Restate word for word the lines in the listing below, starting at the line containing "Vintage NHRA North" and ending at the line containing "Blue Rose Bud Building Block Set - Image 6", both included; leave out the rest.

> **Records provided**:
-=-=-=-=-
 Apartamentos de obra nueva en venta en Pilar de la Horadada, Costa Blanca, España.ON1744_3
-=-=-=-=-
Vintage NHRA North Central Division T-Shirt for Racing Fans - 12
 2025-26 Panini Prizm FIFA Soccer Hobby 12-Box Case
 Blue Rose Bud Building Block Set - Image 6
-=-=-=-=-
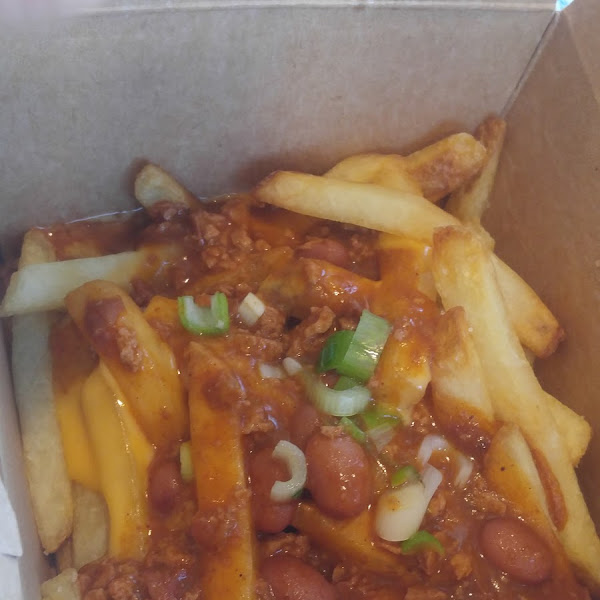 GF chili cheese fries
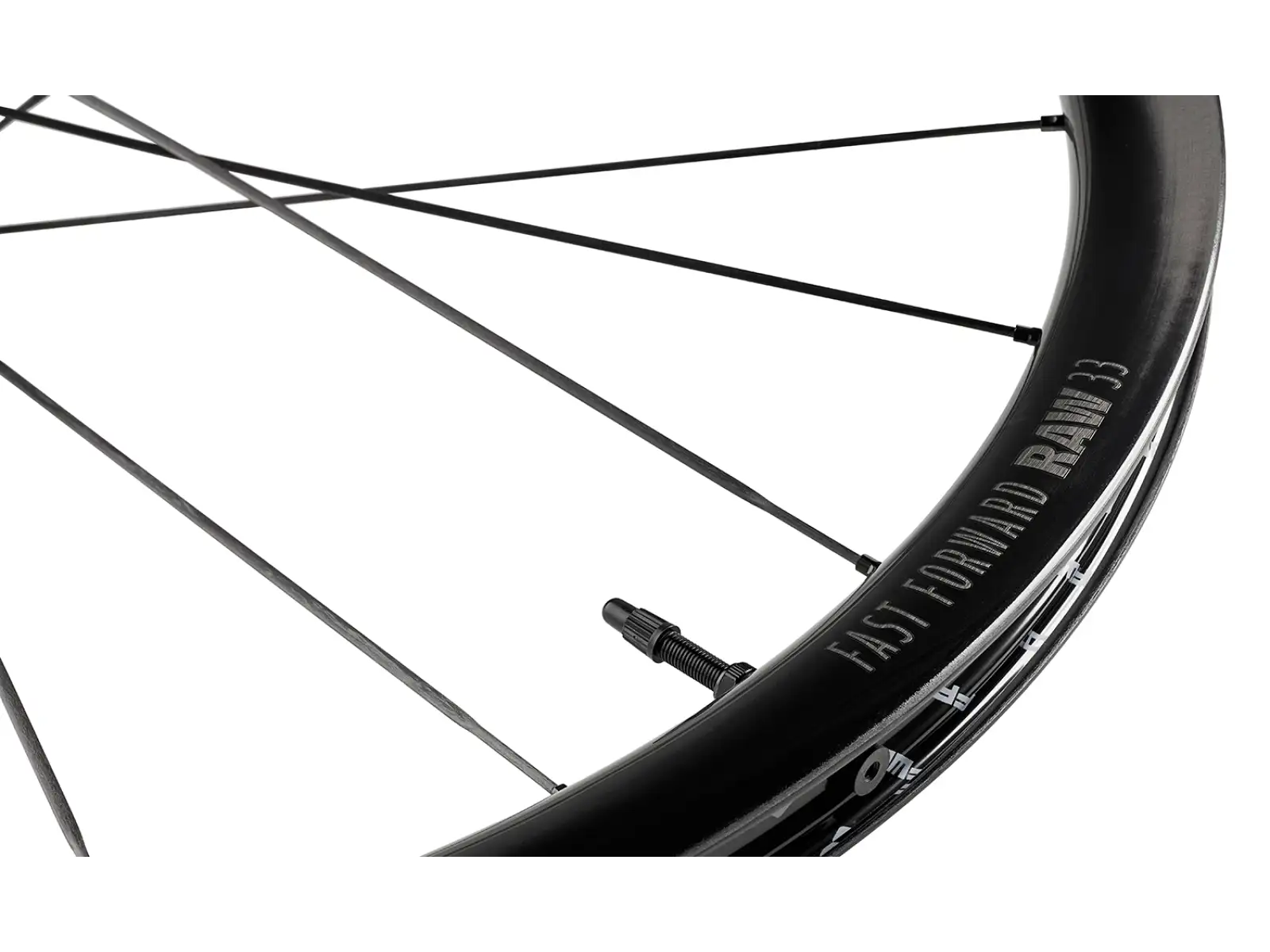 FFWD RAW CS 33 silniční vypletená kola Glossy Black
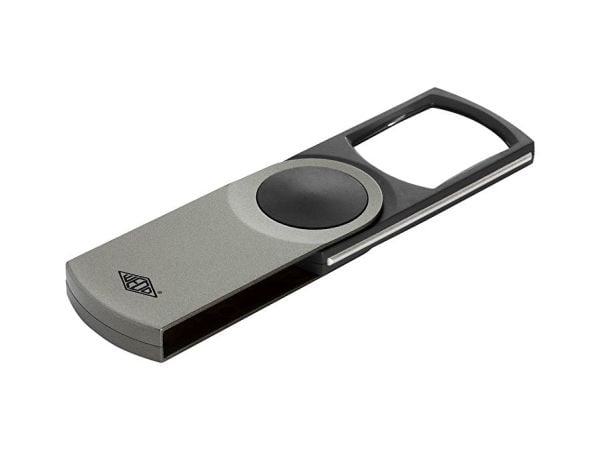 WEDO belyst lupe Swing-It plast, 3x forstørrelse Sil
-=-=-=-=-
> **Solution for this task**:
Vintage NHRA North Central Division T-Shirt for Racing Fans - 12
 2025-26 Panini Prizm FIFA Soccer Hobby 12-Box Case
 Blue Rose Bud Building Block Set - Image 6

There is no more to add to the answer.